MUMBAI: The Bombay High Court recently held that individual members of a co-operative housing society cannot assert their rights in a litigation founded on the society’s contract with a third party. The court refused to allow 61 members of a housing society to intervene in a developer’s suit related to conveyance and possession of the land.

A single bench of justice Jitendra Jain said, “Once a person becomes a member of a co-operative society, he loses his individuality as a separate litigating entity in the society and cannot advance independent claims in a suit that enforces an agreement to which only the society and the developer are parties.”
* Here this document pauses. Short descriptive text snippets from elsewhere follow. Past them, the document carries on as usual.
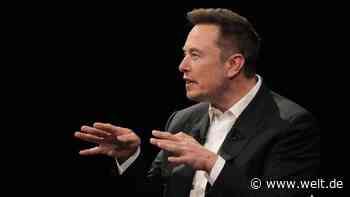 Diese Einblicke verheißen wenig Gutes für das Schicksal von Tesla und SpaceX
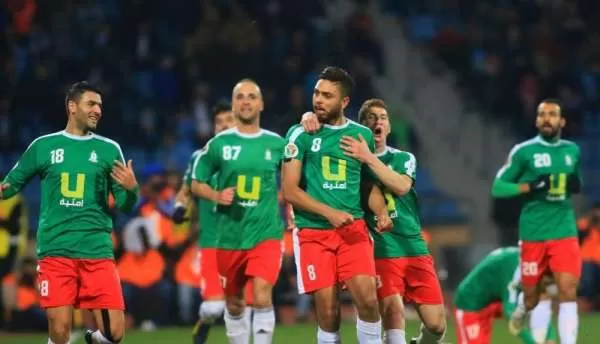 مدار الساعة,أخبار رياضية,وزارة الشباب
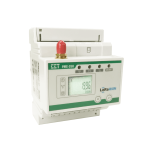 PMC-350-C | Three-Phase DIN Energy Meter
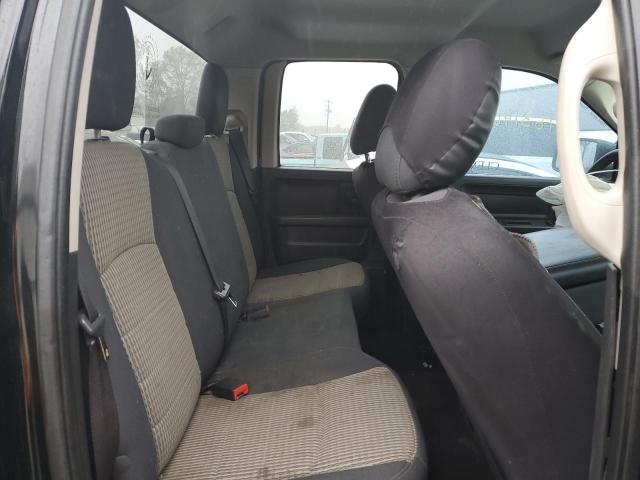 Photo 10 from auction – 2012 DODGE RAM 1500 S with VIN 1C6RD6FPXCS301717
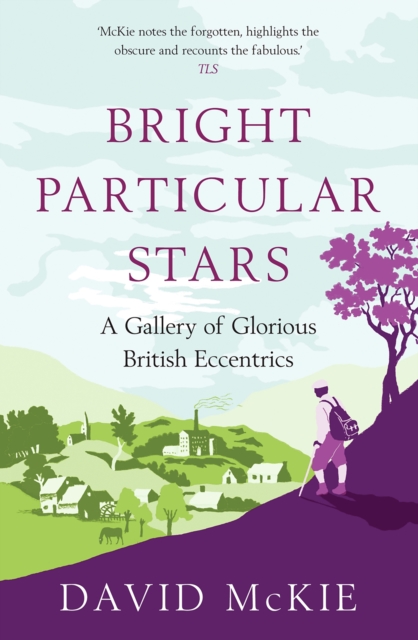 Bright Particular Stars, EPUB eBook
The dispute arose from a development agreement in April 2003, between a developer, Nitin Chandrakant Patel, proprietor of Mahalaxmi Land Development, and the Pariwar Co-operative Housing Society Ltd, in Sion. Under the agreement the society gave Patel the right to certain plots reserved for a district centre and a school, and in return he agreed to construct around 500 flats for the society and pay a certain amount. The land given to the developer included a 5,412 sq-mtr plot in Kanjur.
The builder told the court that he had kept his side of the agreement, built 485 flats, and paid the required amount, and therefore the society ought to transfer the Kanjur plot to him.
However, 61 members of the society, led by Sudesh Gurudas Jotkar, asked the court to intervene in the matter claiming that a 2014 high court order permitted them to “take part in the management of the society”. The members said that they had a stake in the fate of the vacant plot and without their presence the matter could not be “fully and fairly” decided.
The builder and the society strongly resisted the move by the members. Patel pointed out that the applicants had admitted they were members of the society, and legally, an individual member does not possess independent legal rights to the society’s land. The society said that even if the 61 applicants were counted separately, they would form only a minority, since the society has about 546 members, and the 2003 agreement had been approved by the majority.
Justice Jain held that the 2003 agreement, executed by the society and not challenged in any forum, remained binding between the society and the developer. The applicants were not signatories to the 2003 agreement individually and had not shown any statutory or by-law right that would permit them to contest the agreement as independent parties. The court added that the 61 members were neither “necessary party”, one without whom an effective order cannot be passed, nor were they a “proper party”, one whose presence would enable a more complete legal procedure.
At this point the suit is a straightforward case where the developer is simply claiming land that was promised to him. The court noted that if it intervenes, the case would be converted into an internal dispute between the 61 members and the society.
Justice Jain emphasised that if the members had any issues with the society’s functioning or decisions, they must be addressed by legal proceedings directly against the society. The court added that the members could not indirectly bring up those issues by trying to intervene in the developer’s case.